En el camino de Santiago he aprendido esta verdad fundamental y fundamentada en la Sagrada Escritura, que amar es servir, y que el deseo más íntimo y profundo de Dios es que nos “amemos como Él nos ama” (Jn 13, 34-35), y su amor se manifiesta en el servicio, a buenos y malos. También he aprendido que las personas a las que más cuesta servir son como los pies sucios que lavó Jesús, representan lo más bajo y último de nosotros mismos. De hecho, puesto que lo malo que vemos en los demás es lo malo que percibimos en nosotros, diría que los pies sucios siempre son los nuestros. Por eso mismo, las personas a las que más nos cuesta servir son aquellas que más nos ayudan a lavarnos y purificarnos. Porque no podemos reconocer en los demás algo que antes no hemos visto en nosotros, de modo que servir al que más nos cuesta es comprendernos a nosotros mismos, y disponer las bases para nuestra posterior sanación interior. Creo que la sanación es un fruto del amor, y el amor alcanza su plenitud en el servicio a los últimos en nuestra lista de personas a las que servir. Es tremendamente fácil amar aquello que nos parece atractivo y bello, pero un milagro servir a los que son odiosos y repugnantes a nuestros ojos, y no me refiero solo a las personas desnutridas y sedientas, sino las arrogantes, ególatras, irritables. Son éstas últimas las que en un Camino de Santiago pueden enseñarnos cómo somos por dentro, y cómo debemos acudir a Dios. El servicio a la persona indeseable es un acto de amor por excelencia hacia Dios y hacia el prójimo, porque es el ejemplo de que se puede imitar a Jesús, y el fruto de esta dinámica es la sanación interior. Lo sucio que vemos en los demás está en nosotros mismos, y al lavarlos a ellos mediante el servicio nos vamos limpiando por dentro.

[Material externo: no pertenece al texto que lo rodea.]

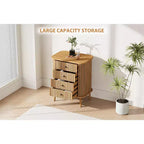 Commode à 4 tiroirs COZONY, commode bohème en osier avec poignées noir mat et pieds en bois pour chambre, salon, couloir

Si el grano de mostaza no muere no puede dar fruto, y el fruto que Dios da a los que imitan el servicio a los últimos de nuestra lista es la sanación interior. La vida que se da en un acto de amor a Dios y al prójimo recibe en este mundo, y en el próximo, mucho más. El Camino de Santiago, con tantas adversidades e inconvenientes, nos adentra en esta realidad trascendente, que el recorrido que hemos de hacer es el de servirnos de los demás a servir a los demás para alcanzar la vida que Dios quiere darnos, y aquellos a los que más nos cuesta servir son aquellos que más necesitan de nosotros, y, asimismo, aquellos que más nos acercan al amor de Dios. El camino es hacia dentro, y parte del corazón de piedra al corazón de carne. Santiago puede esperar, pero no nuestra salvación. Un abrazo, y que Dios te bendiga.